Start of Supplied material
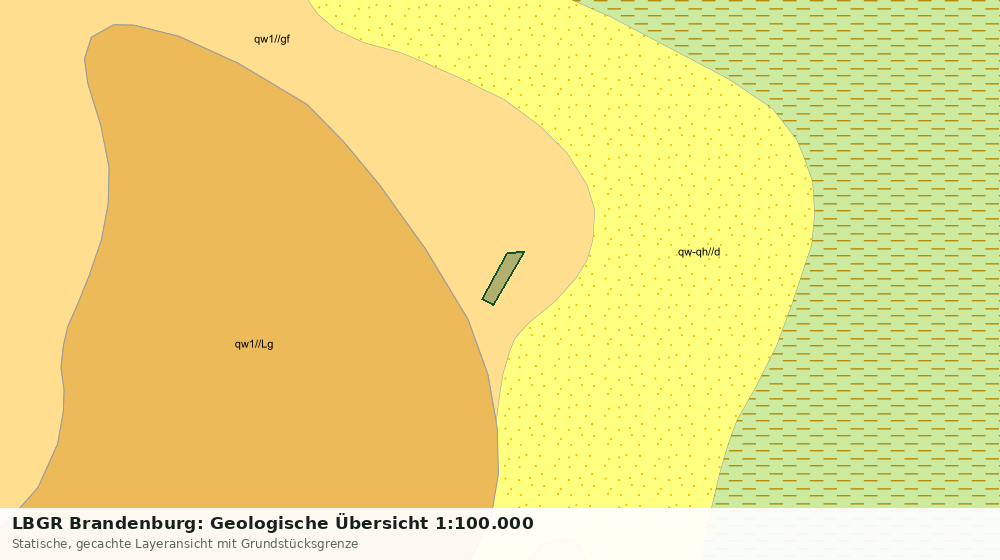 Statische Kartenansicht: LBGR Brandenburg: Geologische Übersicht 1:100.000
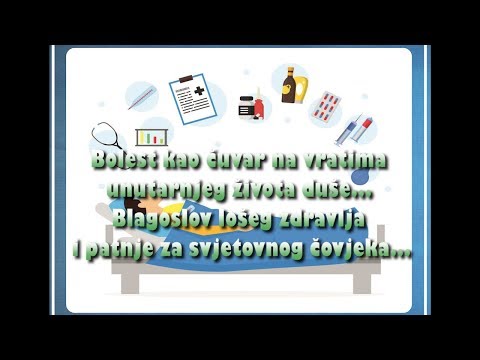 ULOGA BOLESTI U PLANU SPASENJA  - 2. Bolest kao čuvar na vratima unutarnjeg života duše...
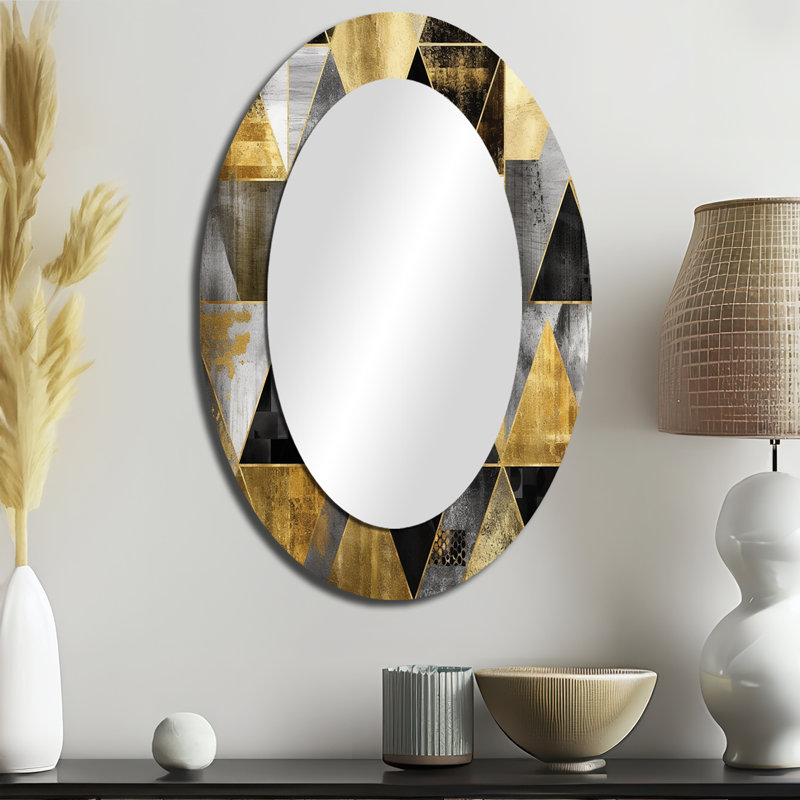 Miroir mural doré moderne, 36 po x 24 po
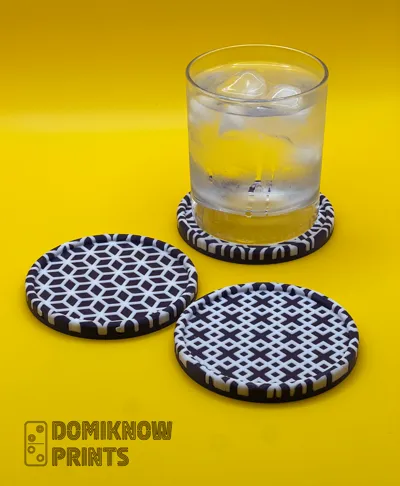 NEW Two Colour Pattern Coasters (No AMS Required)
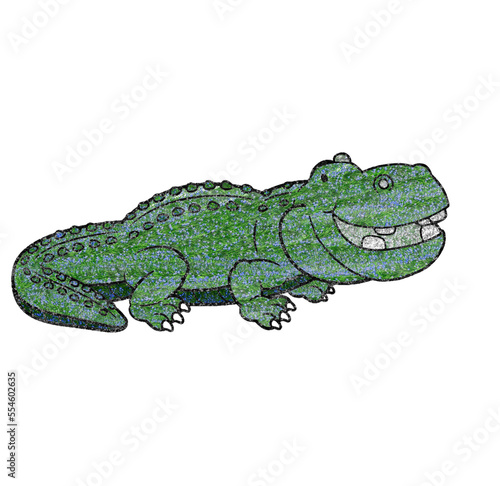 illustration version 2 animal hybrid cross of crocodile and hippopotamus so hippodiles was born. © billy
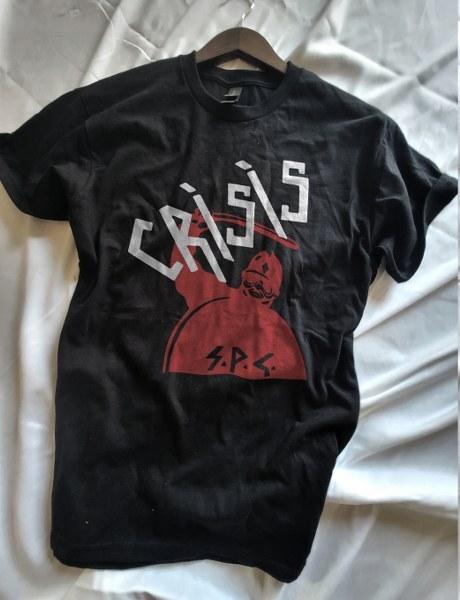 Crisis band t shirt post punk Unisex Softstyle T-Shirt L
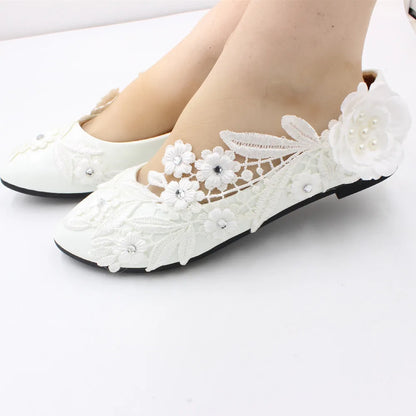 White Flower Pumps New Arrival Women's Shoes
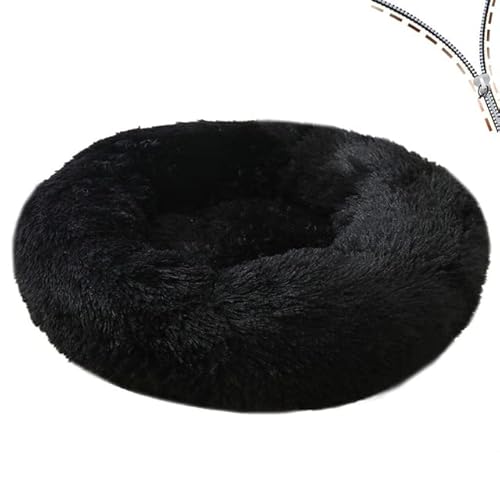 Abnehmbares Hundebett, Lange Plüsch-Katze, Hundebetten für kleine, große Hunde, Kissen, Sofa, Winter, warme Haustierhütte, Flauschige schlafende Hundebetten, Matte von MOLUO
End of Supplied material
Reproduce, exactly and with no pictures, the lines from the line containing "Crisis band t" through the closing line of the data above, keeping both ends.

 Crisis band t shirt post punk Unisex Softstyle T-Shirt L
 White Flower Pumps New Arrival Women's Shoes
 Abnehmbares Hundebett, Lange Plüsch-Katze, Hundebetten für kleine, große Hunde, Kissen, Sofa, Winter, warme Haustierhütte, Flauschige schlafende Hundebetten, Matte von MOLUO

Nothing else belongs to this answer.